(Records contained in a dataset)
=-=-=-=-=

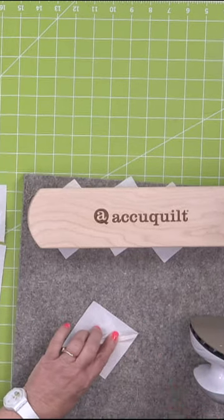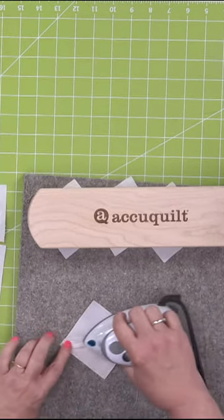Robin's wondering why it's called a clapper. Do you know, Erika? Probably because you kind of clap it down.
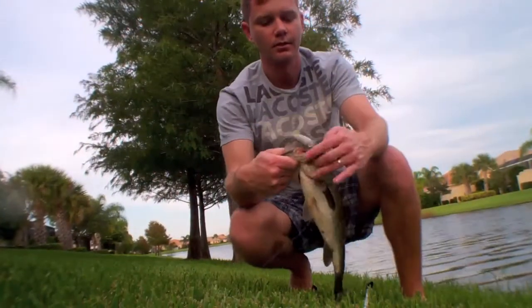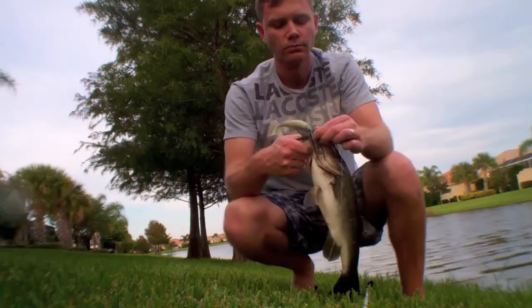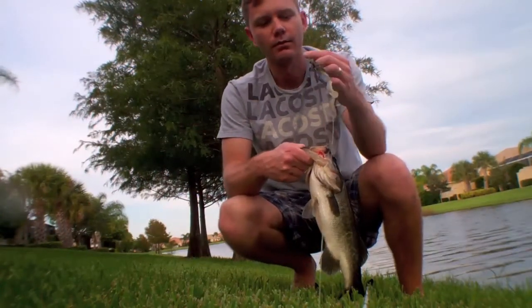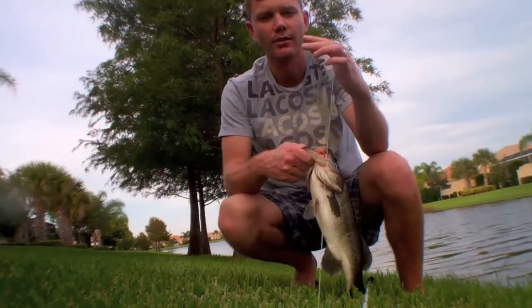There's a nice one on the swim jig — it's the Dill Gill, what's called Dirty Jigs, with a Robo Worm Easy Shad trailer. Swim jig.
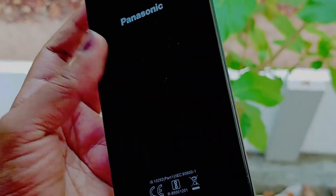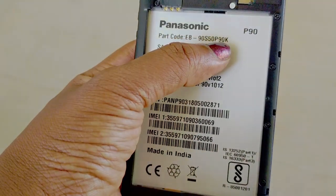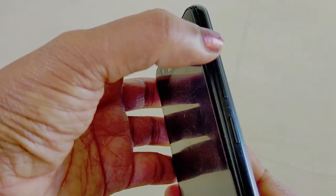Hi friends, we are going to show you how the Panasonic P90 is going to be doing a hard reset. We will press the volume and power button.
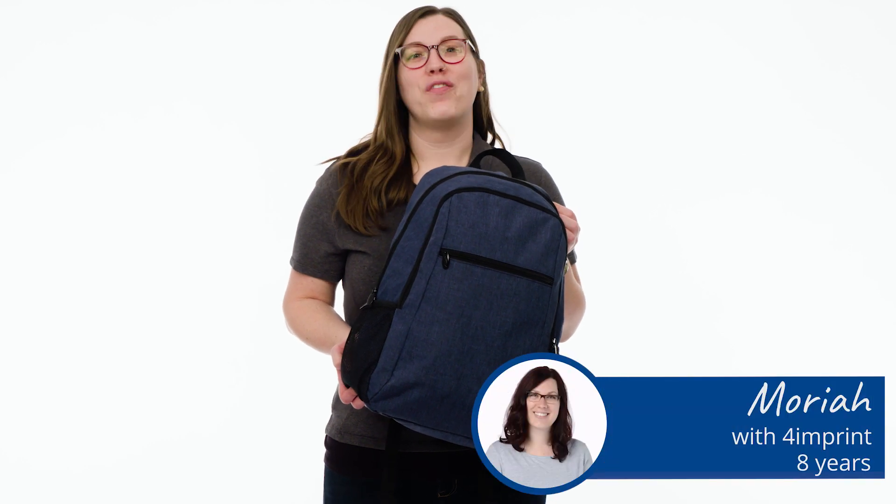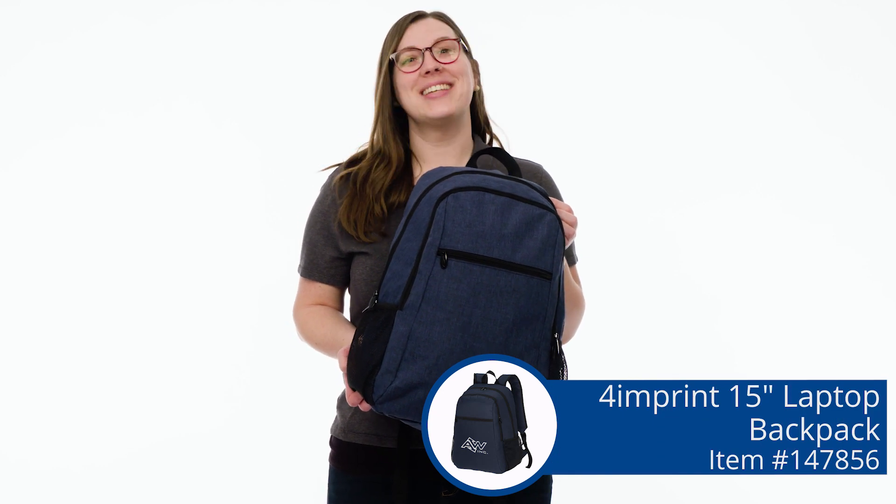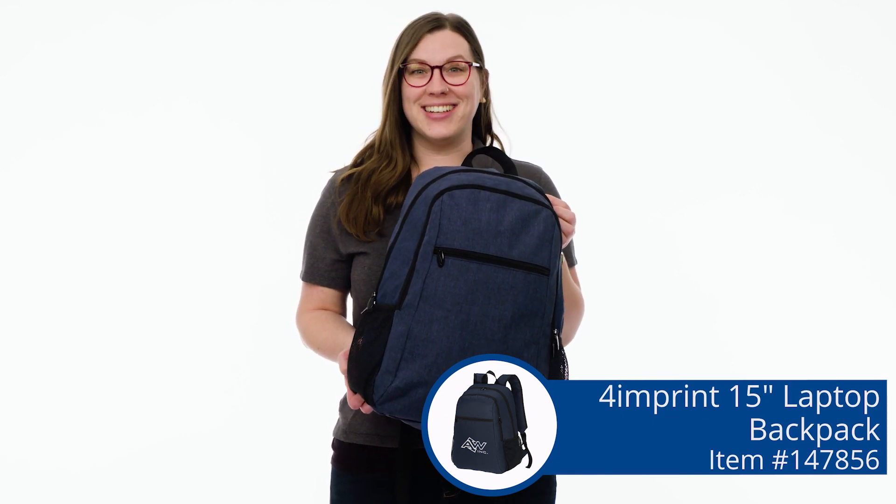Hey, it's Mariah and today we're looking at the 4imprint 15-inch laptop backpack. This is one of our exclusive products that you won't find anywhere else and it's got a lot of great features. So let's take a look.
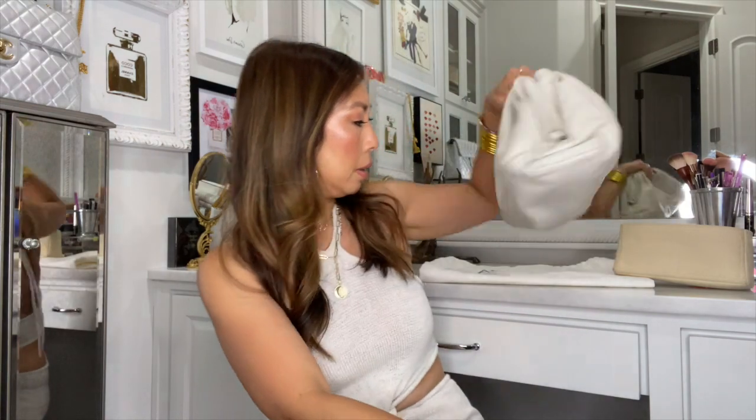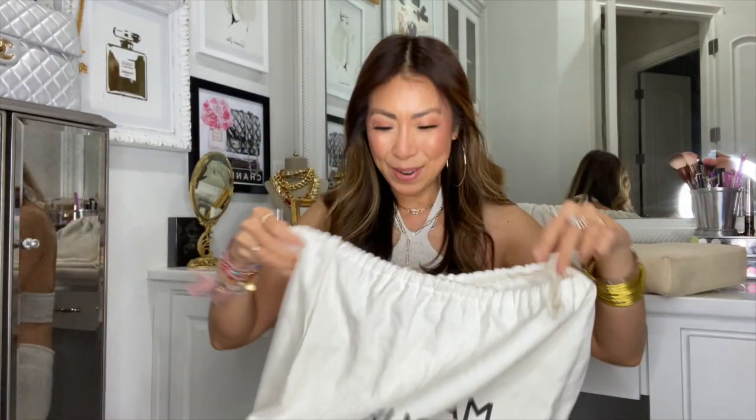I always get requests to share dupes, so I'm going to show some actual dupes and some inspired-by bags from different brands. Also, this bag comes in a Bottega vanilla bag — when I bought it at Neiman Marcus, there wasn't another one available so I got the display model, but I loved the color so much I didn't mind. I'm also showing the Mansur Gavriel Cloud Clutch, which I also got from Neiman Marcus in pink.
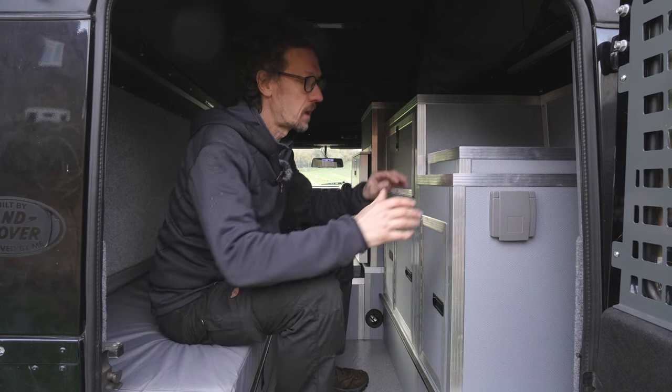Well there it is — the Land Rover Defender 2.4 TDCi. What a great vehicle — a perfect base for a Land Rover Defender Expedition vehicle with a full camper interior, a pop top, and loads of bits and pieces. What's not to like? This is a perfect base if you're looking to go around the world or even just a small adventure. Thank you so much for watching, I really do appreciate it — please do press that subscribe button, that will really help. Till next time, thanks again, take care.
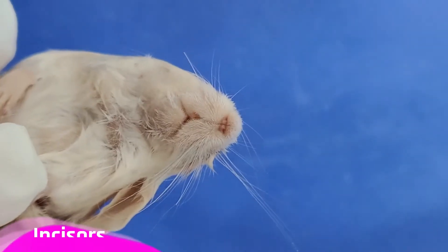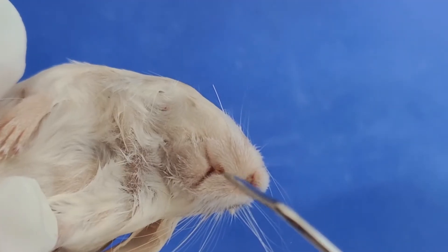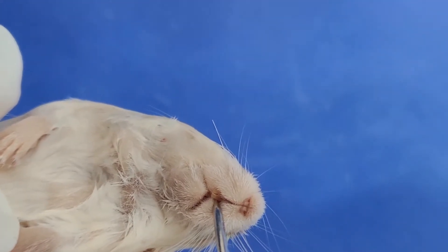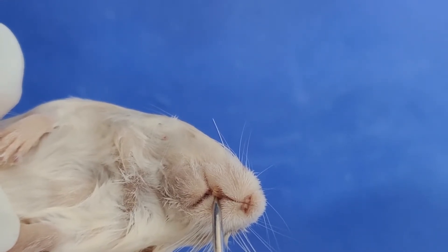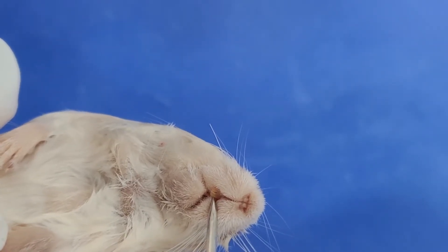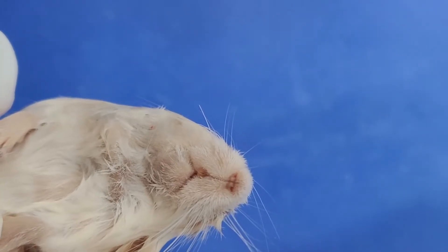Next, here are these large incisors. Mice are gnawing animals, and these incisors are continuously worn down. Because of this, the incisors will continue to grow for as long as the mouse lives.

=-=-=-=-=

**Task details**
Copy the entries above exactly, but only the stretch from the line containing "I always get" through the line containing "Well there it". Keep both end lines; drop the pictures.

**Solution to the exercise**
I always get requests to share dupes, so I'm going to show some actual dupes and some inspired-by bags from different brands. Also, this bag comes in a Bottega vanilla bag — when I bought it at Neiman Marcus, there wasn't another one available so I got the display model, but I loved the color so much I didn't mind. I'm also showing the Mansur Gavriel Cloud Clutch, which I also got from Neiman Marcus in pink.
Well there it is — the Land Rover Defender 2.4 TDCi. What a great vehicle — a perfect base for a Land Rover Defender Expedition vehicle with a full camper interior, a pop top, and loads of bits and pieces. What's not to like? This is a perfect base if you're looking to go around the world or even just a small adventure. Thank you so much for watching, I really do appreciate it — please do press that subscribe button, that will really help. Till next time, thanks again, take care.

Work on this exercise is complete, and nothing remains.